[LISTED RECORDS — start]

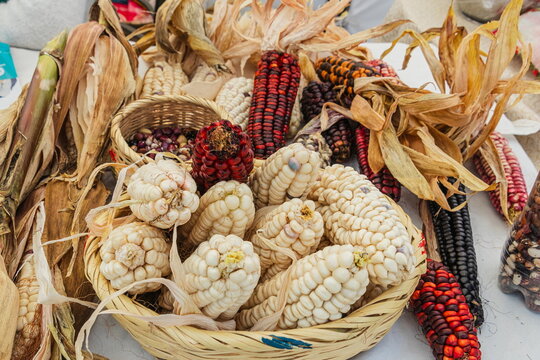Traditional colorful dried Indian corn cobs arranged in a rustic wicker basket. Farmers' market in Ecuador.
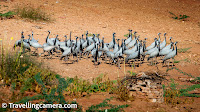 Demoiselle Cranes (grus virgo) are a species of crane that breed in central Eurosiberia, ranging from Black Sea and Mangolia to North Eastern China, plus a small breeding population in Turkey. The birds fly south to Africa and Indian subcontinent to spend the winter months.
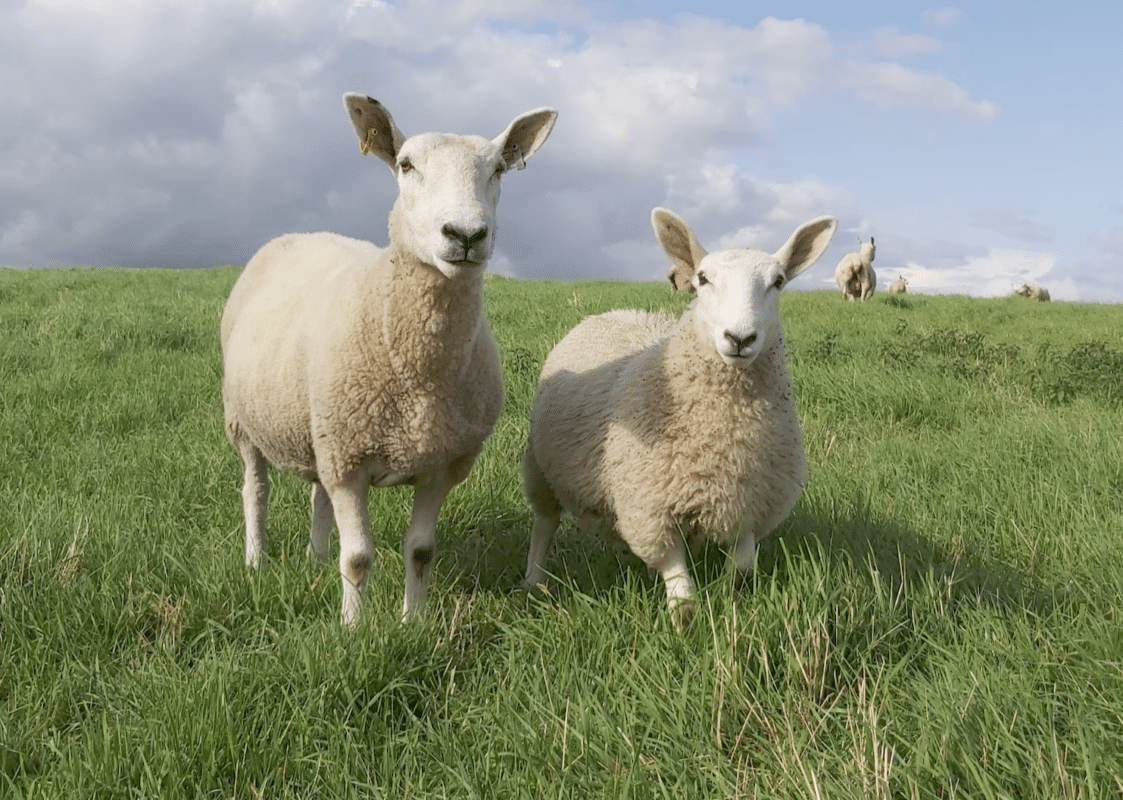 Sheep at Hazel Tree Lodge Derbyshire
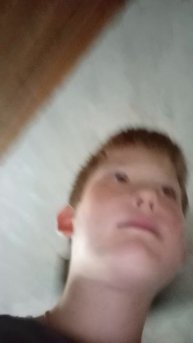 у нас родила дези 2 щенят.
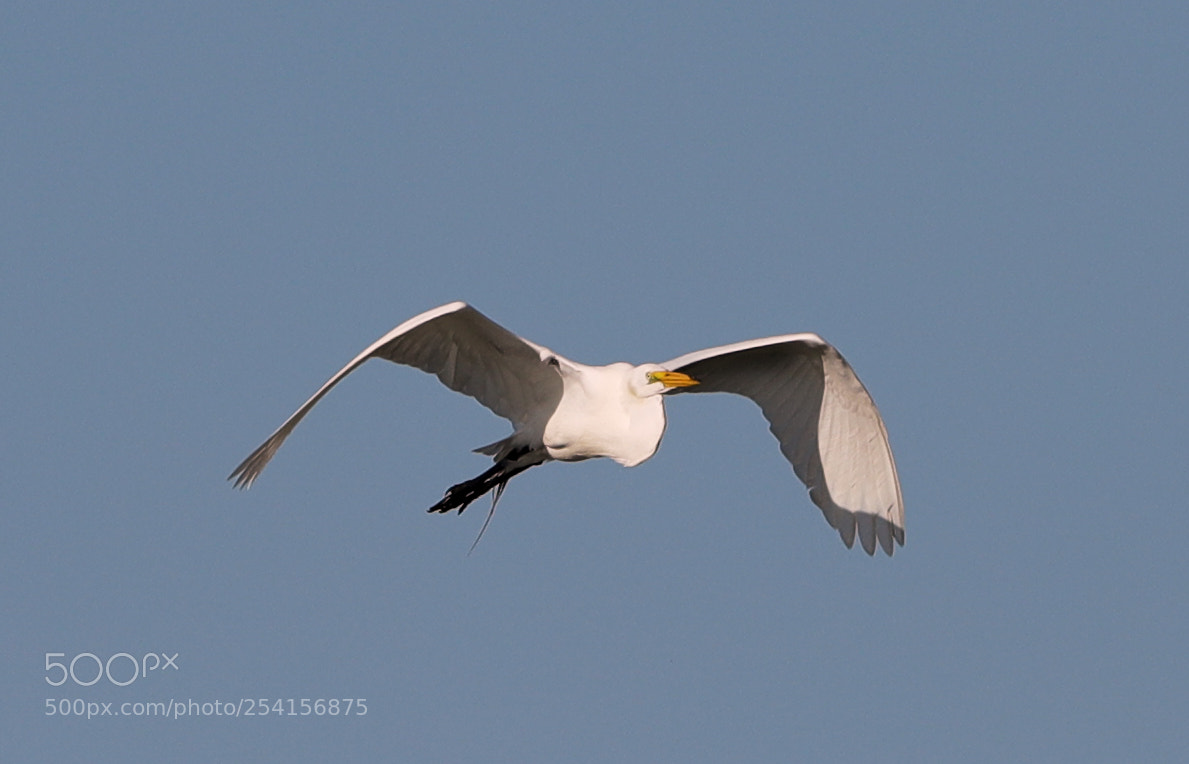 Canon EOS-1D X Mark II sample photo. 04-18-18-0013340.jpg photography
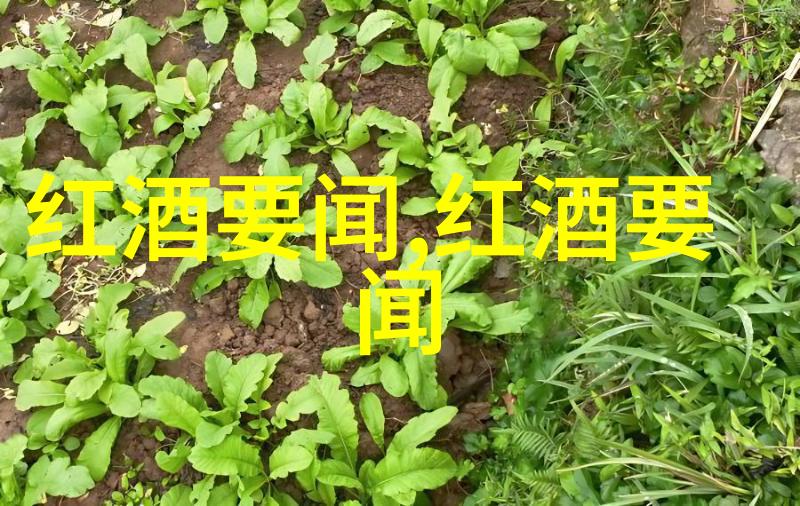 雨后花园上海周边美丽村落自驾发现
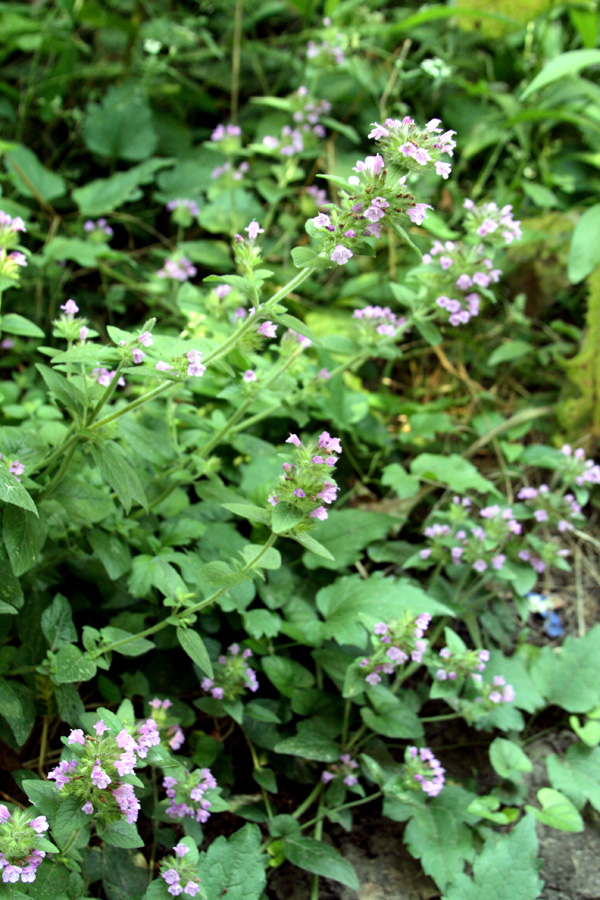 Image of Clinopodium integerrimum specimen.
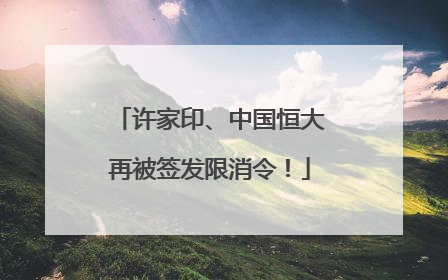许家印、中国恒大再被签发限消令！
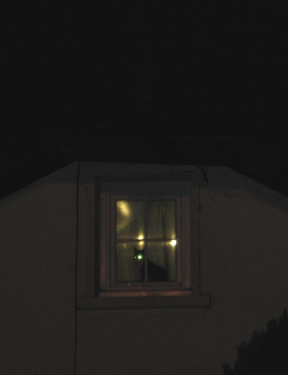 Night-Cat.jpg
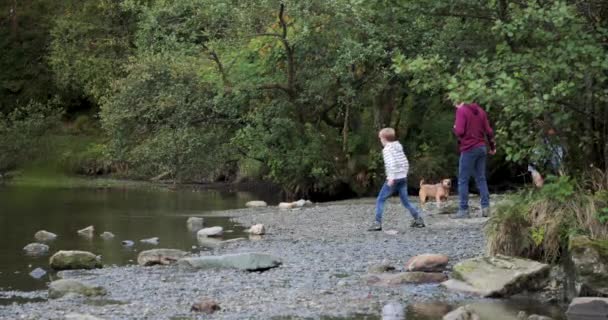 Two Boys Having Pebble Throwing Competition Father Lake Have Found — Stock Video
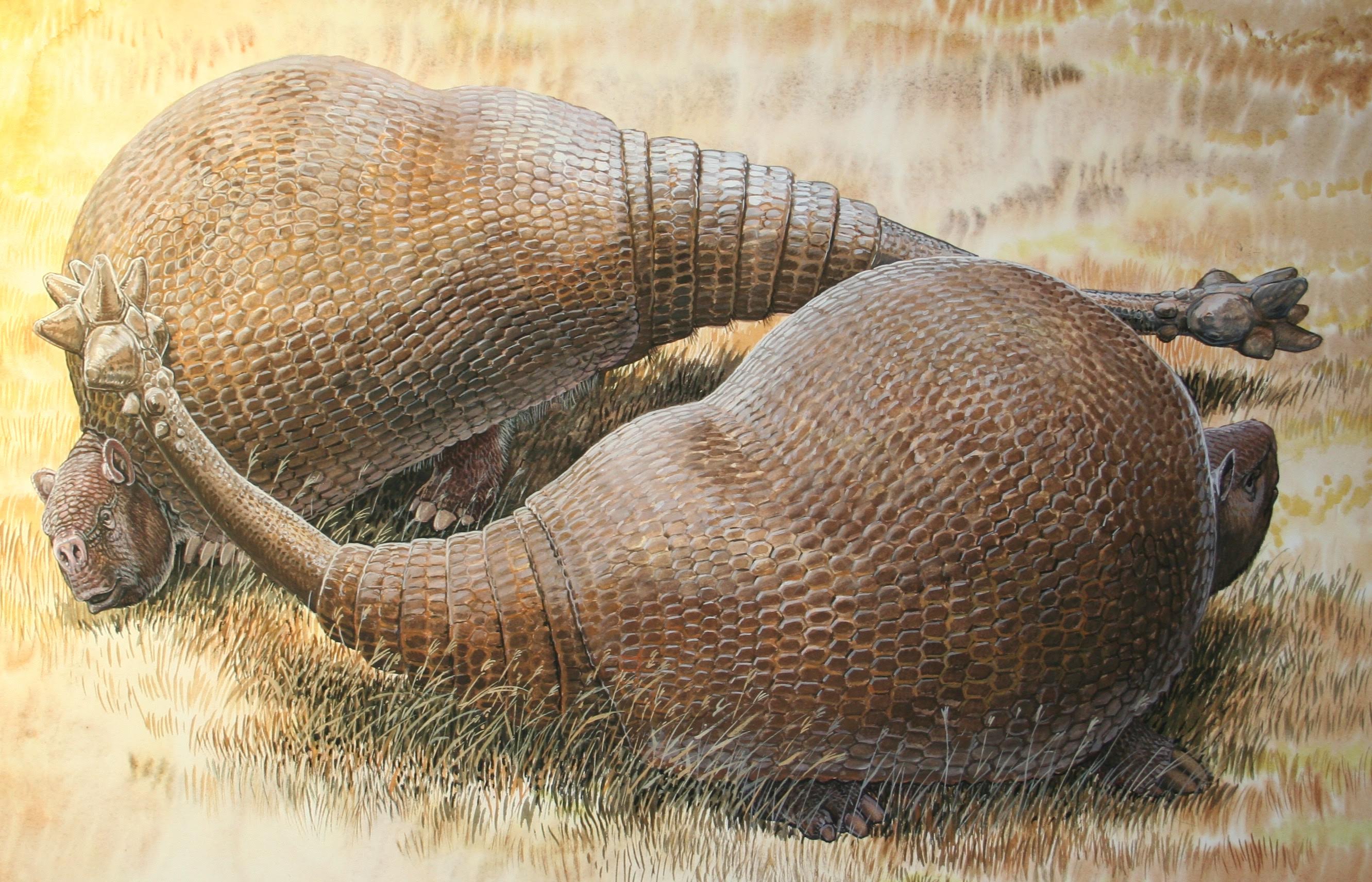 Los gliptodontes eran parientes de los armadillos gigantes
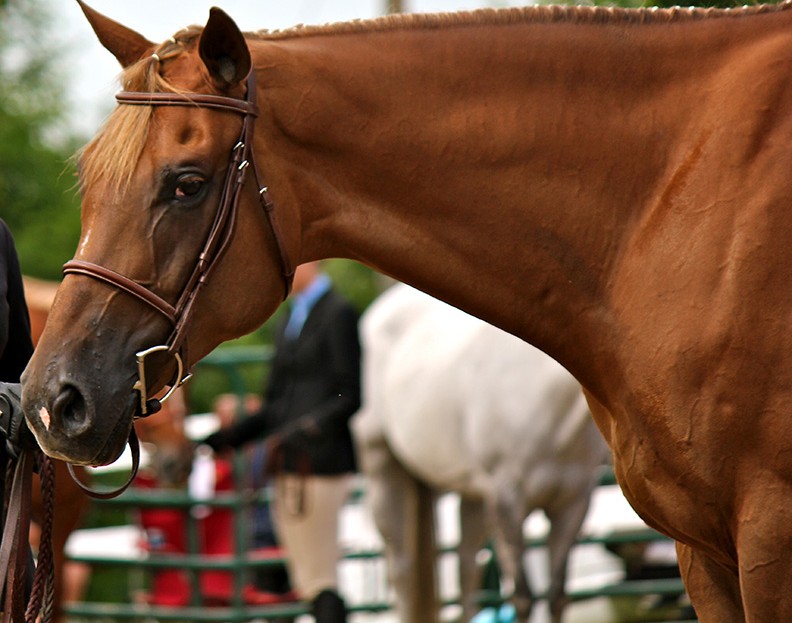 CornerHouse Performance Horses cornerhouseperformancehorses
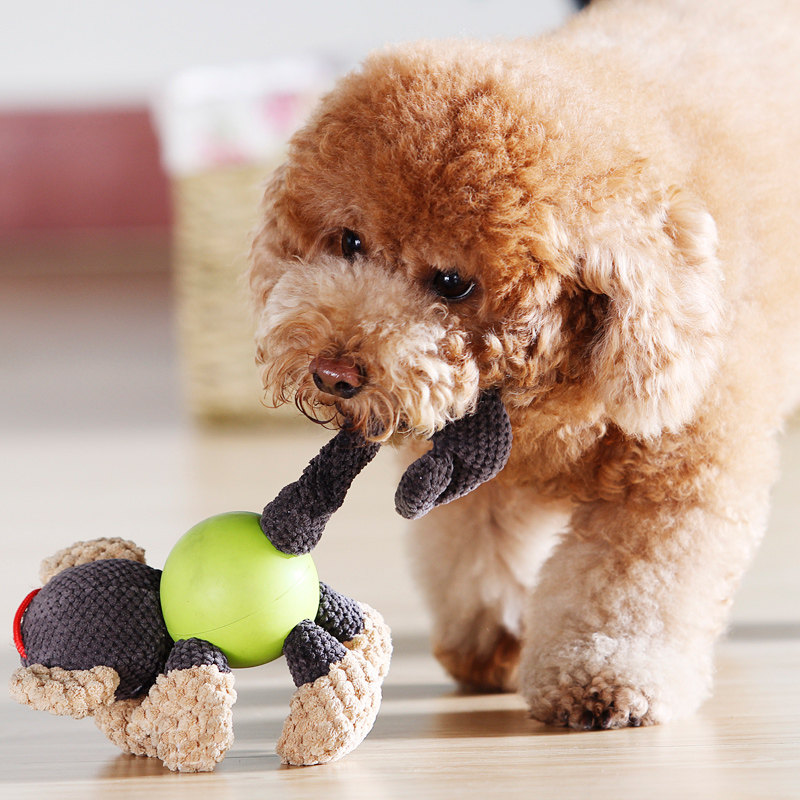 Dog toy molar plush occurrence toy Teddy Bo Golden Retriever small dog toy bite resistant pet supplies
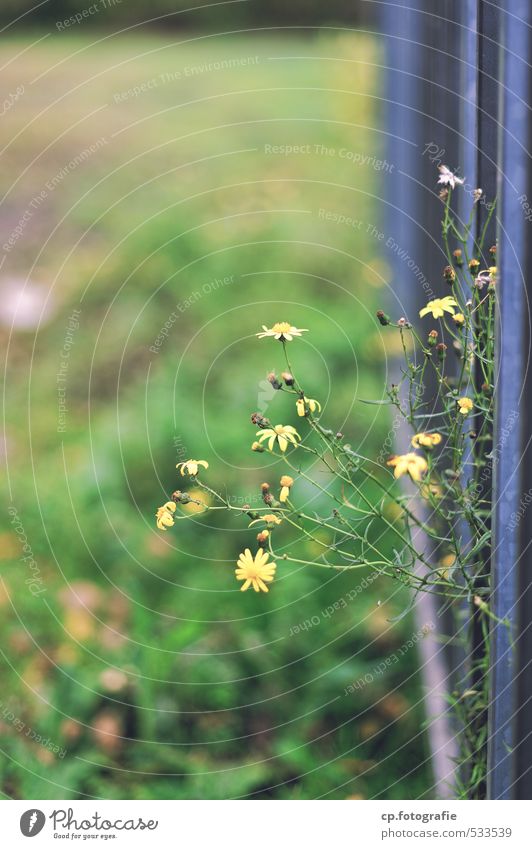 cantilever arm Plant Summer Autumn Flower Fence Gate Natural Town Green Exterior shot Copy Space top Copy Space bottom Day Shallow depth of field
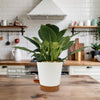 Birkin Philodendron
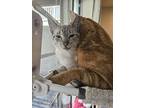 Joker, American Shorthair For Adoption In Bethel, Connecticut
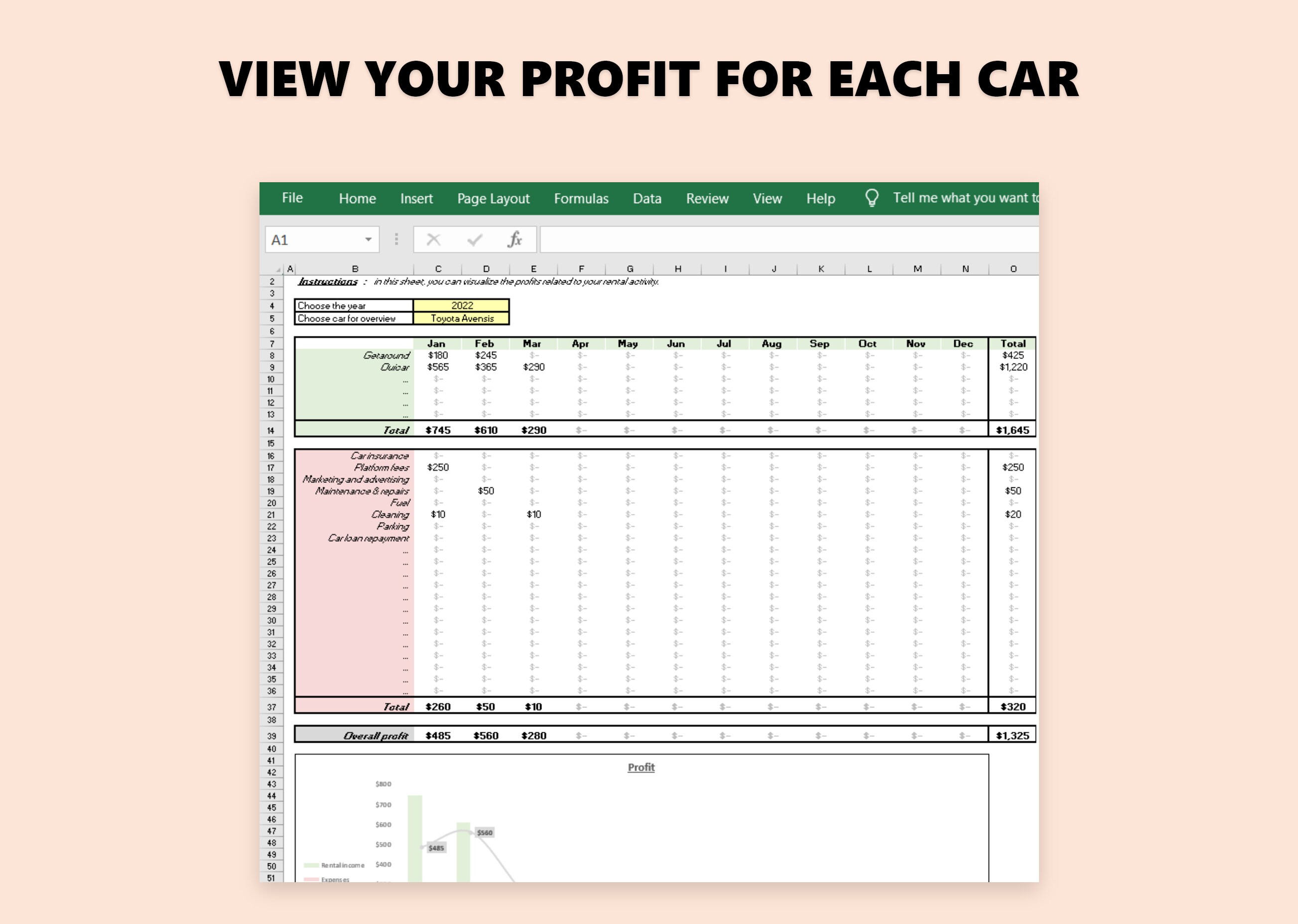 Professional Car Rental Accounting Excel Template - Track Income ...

[LISTED RECORDS — finish]

_WHAT YOU SHOULD DO_. Drop the pictures, then transcribe the lines from the one containing "Night-Cat.jpg" to the end of the data above, exactly and nothing more.

_TASK SOLUTION_.
 Night-Cat.jpg
 Two Boys Having Pebble Throwing Competition Father Lake Have Found — Stock Video
 Los gliptodontes eran parientes de los armadillos gigantes
 CornerHouse Performance Horses cornerhouseperformancehorses
 Dog toy molar plush occurrence toy Teddy Bo Golden Retriever small dog toy bite resistant pet supplies
 cantilever arm Plant Summer Autumn Flower Fence Gate Natural Town Green Exterior shot Copy Space top Copy Space bottom Day Shallow depth of field
 Birkin Philodendron
 Joker, American Shorthair For Adoption In Bethel, Connecticut
 Professional Car Rental Accounting Excel Template - Track Income ...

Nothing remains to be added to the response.